▶ Collected data:

============================================================

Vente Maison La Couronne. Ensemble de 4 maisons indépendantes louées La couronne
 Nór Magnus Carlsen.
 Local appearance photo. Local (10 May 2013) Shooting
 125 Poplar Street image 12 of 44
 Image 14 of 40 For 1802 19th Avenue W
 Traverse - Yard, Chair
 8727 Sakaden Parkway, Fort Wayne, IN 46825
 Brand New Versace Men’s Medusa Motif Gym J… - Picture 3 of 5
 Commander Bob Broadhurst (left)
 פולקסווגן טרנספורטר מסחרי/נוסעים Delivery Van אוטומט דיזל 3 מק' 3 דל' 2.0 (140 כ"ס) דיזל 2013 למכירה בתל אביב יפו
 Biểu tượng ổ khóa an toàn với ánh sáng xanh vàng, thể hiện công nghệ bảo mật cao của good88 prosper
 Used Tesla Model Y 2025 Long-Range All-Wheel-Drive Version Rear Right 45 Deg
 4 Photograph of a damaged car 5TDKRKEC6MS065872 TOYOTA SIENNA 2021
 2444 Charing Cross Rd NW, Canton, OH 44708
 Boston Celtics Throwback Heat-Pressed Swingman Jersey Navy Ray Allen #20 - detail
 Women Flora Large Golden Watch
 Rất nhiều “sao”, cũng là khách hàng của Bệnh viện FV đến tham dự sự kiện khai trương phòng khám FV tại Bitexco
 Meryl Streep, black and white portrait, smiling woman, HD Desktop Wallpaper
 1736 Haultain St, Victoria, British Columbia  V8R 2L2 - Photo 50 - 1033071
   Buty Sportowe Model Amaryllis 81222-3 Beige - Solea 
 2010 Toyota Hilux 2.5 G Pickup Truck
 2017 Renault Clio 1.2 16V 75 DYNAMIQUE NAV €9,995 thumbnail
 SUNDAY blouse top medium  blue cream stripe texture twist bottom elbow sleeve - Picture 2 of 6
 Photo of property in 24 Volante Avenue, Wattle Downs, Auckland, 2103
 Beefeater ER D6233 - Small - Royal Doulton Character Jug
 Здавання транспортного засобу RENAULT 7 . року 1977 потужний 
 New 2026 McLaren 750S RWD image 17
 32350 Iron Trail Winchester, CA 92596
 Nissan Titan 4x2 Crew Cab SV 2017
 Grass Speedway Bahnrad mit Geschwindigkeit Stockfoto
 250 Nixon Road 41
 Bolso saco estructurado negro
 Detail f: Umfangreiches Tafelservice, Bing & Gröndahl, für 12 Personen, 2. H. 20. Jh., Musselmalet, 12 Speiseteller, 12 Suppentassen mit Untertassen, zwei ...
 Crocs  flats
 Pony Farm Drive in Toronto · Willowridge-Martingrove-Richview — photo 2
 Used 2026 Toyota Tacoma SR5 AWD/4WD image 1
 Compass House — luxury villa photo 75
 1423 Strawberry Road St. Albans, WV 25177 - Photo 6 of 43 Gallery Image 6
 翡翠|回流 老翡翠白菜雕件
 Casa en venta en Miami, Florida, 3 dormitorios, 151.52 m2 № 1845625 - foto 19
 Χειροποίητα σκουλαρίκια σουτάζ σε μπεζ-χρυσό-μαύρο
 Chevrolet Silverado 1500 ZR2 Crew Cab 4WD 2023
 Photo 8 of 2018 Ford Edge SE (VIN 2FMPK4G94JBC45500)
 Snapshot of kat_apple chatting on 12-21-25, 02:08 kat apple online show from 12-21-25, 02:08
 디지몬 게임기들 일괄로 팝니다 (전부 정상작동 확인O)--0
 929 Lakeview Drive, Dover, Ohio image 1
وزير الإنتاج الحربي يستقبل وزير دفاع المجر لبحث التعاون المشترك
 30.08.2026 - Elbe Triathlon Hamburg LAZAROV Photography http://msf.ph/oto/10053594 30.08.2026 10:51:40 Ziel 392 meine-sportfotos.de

============================================================

▶ Prompt: Where the line with "Pony Farm Drive" ends, your copy should end too; please return exactly the lines from the first line of the data through it.

▶ Exercise output:
Vente Maison La Couronne. Ensemble de 4 maisons indépendantes louées La couronne
 Nór Magnus Carlsen.
 Local appearance photo. Local (10 May 2013) Shooting
 125 Poplar Street image 12 of 44
 Image 14 of 40 For 1802 19th Avenue W
 Traverse - Yard, Chair
 8727 Sakaden Parkway, Fort Wayne, IN 46825
 Brand New Versace Men’s Medusa Motif Gym J… - Picture 3 of 5
 Commander Bob Broadhurst (left)
 פולקסווגן טרנספורטר מסחרי/נוסעים Delivery Van אוטומט דיזל 3 מק' 3 דל' 2.0 (140 כ"ס) דיזל 2013 למכירה בתל אביב יפו
 Biểu tượng ổ khóa an toàn với ánh sáng xanh vàng, thể hiện công nghệ bảo mật cao của good88 prosper
 Used Tesla Model Y 2025 Long-Range All-Wheel-Drive Version Rear Right 45 Deg
 4 Photograph of a damaged car 5TDKRKEC6MS065872 TOYOTA SIENNA 2021
 2444 Charing Cross Rd NW, Canton, OH 44708
 Boston Celtics Throwback Heat-Pressed Swingman Jersey Navy Ray Allen #20 - detail
 Women Flora Large Golden Watch
 Rất nhiều “sao”, cũng là khách hàng của Bệnh viện FV đến tham dự sự kiện khai trương phòng khám FV tại Bitexco
 Meryl Streep, black and white portrait, smiling woman, HD Desktop Wallpaper
 1736 Haultain St, Victoria, British Columbia  V8R 2L2 - Photo 50 - 1033071
   Buty Sportowe Model Amaryllis 81222-3 Beige - Solea 
 2010 Toyota Hilux 2.5 G Pickup Truck
 2017 Renault Clio 1.2 16V 75 DYNAMIQUE NAV €9,995 thumbnail
 SUNDAY blouse top medium  blue cream stripe texture twist bottom elbow sleeve - Picture 2 of 6
 Photo of property in 24 Volante Avenue, Wattle Downs, Auckland, 2103
 Beefeater ER D6233 - Small - Royal Doulton Character Jug
 Здавання транспортного засобу RENAULT 7 . року 1977 потужний 
 New 2026 McLaren 750S RWD image 17
 32350 Iron Trail Winchester, CA 92596
 Nissan Titan 4x2 Crew Cab SV 2017
 Grass Speedway Bahnrad mit Geschwindigkeit Stockfoto
 250 Nixon Road 41
 Bolso saco estructurado negro
 Detail f: Umfangreiches Tafelservice, Bing & Gröndahl, für 12 Personen, 2. H. 20. Jh., Musselmalet, 12 Speiseteller, 12 Suppentassen mit Untertassen, zwei ...
 Crocs  flats
 Pony Farm Drive in Toronto · Willowridge-Martingrove-Richview — photo 2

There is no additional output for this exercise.